Boeing verstieß gegen Vereinbarung mit dem US-Justizministerium
Der Deal folgt auf eine Feststellung des Justizministeriums im vergangenen Mai, wonach Boeing gegen eine Vereinbarung aus dem Jahr 2021 verstoßen habe, die das Unternehmen wegen der Abstürze in Indonesien und Äthiopien vor Strafverfolgung geschützt hatte.

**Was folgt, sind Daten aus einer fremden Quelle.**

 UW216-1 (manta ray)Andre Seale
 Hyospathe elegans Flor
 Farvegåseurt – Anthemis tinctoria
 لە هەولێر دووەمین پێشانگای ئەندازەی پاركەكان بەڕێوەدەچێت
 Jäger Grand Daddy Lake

Das US-Justizministerium hatte damals zugestimmt, die Strafverfolgung auszusetzen. Es forderte dazu auf, eine Anklage wegen Verschwörung zum Betrug an der US-Luftfahrtbehörde abzuweisen, solange sich das Unternehmen über einen Zeitraum von drei Jahren an gewisse vereinbarte Bedingungen hält.
Boeing hatte sich bereit erklärt, die Compliance-Praktiken zu überarbeiten, um Verstöße gegen US-Betrugsgesetze zu verhindern. Außerdem sollten regelmäßige Berichte vorgelegt werden. Zwei Tage vor Ablauf der Vereinbarung kam es zum Zwischenfall mit einer Boeing 737 MAX 9 der Alaska Airlines, bei der kurz nach dem Start ein Teil der Kabinenwand herausgerissen wurde.

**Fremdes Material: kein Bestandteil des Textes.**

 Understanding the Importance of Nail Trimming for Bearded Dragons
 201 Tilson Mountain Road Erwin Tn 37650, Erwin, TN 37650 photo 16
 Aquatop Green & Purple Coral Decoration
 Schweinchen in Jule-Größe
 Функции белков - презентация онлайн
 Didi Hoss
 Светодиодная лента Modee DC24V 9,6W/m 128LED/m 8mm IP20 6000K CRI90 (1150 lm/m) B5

Die Folgen des Schuldeingeständnisses
Sollte es zu der Vereinbarung kommen, wäre der Konzern wegen eines schweren Verbrechens verurteilt. Zudem müsste er in den kommenden drei Jahren mindestens 455 Millionen Dollar in die Verbesserung seiner Sicherheits- und Compliance-Programme stecken. Außerdem müsste sich der Konzernvorstand mit den Angehörigen der Opfer treffen. Ein unabhängiger Prüfer müsste jedes Jahr einen Fortschrittsbericht vorlegen. Boeing erhielte eine Bewährungszeit von drei Jahren.
Mit einem Schuldeingeständnis riskiert Boeing außerdem, dass dem Flugzeugbauer weitere lukrative Regierungsaufträge entgehen, etwa vom Verteidigungsministerium oder der Raumfahrtbehörde NASA.

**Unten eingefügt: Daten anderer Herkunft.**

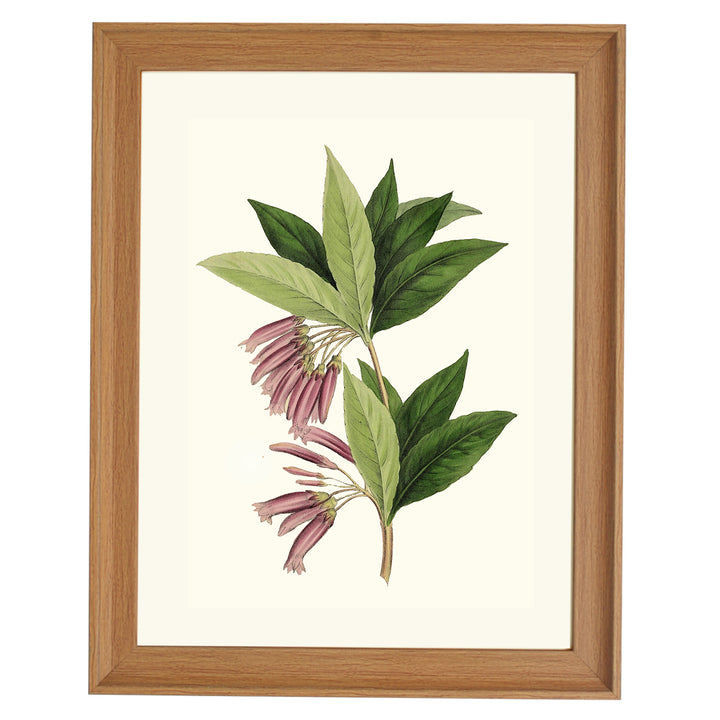 Agapetes Setigera ART PRINT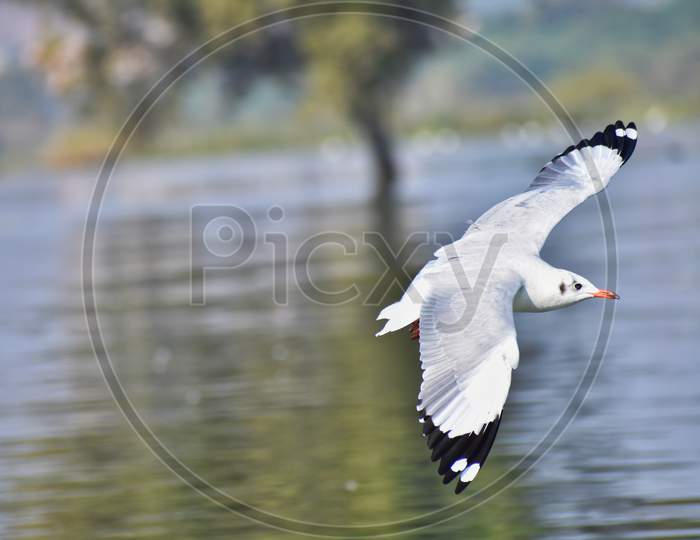 Seagull bird in flight with wings open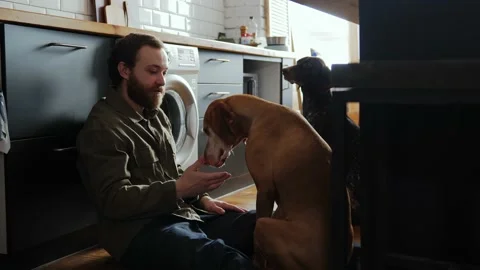 A young freelancer is sitting on the kitchen floor with his two dogs Stock Footage 234344031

Boeing würde sich aber einen Prozess ersparen, der zahlreiche Konzernentscheidungen, die zu den Abstürzen geführt haben, unter eine noch größere öffentliche Prüfung bringen würde. Es würde dem Konzern, der im Laufe des Jahres einen neuen Chef bekommt, auch die Genehmigung der Übernahme von Spirit AeroSystems erleichtern.
Der neue Vergleich, sollte er vereinbart werden, bezieht sich lediglich auf das Verhalten des Konzerns vor den tödlichen Abstürzen. Er schützt ihn nicht vor etwaigen Ermittlungen oder Anklagen im Zusammenhang mit weiteren Vorfällen wie dem Zwischenfall im Januar.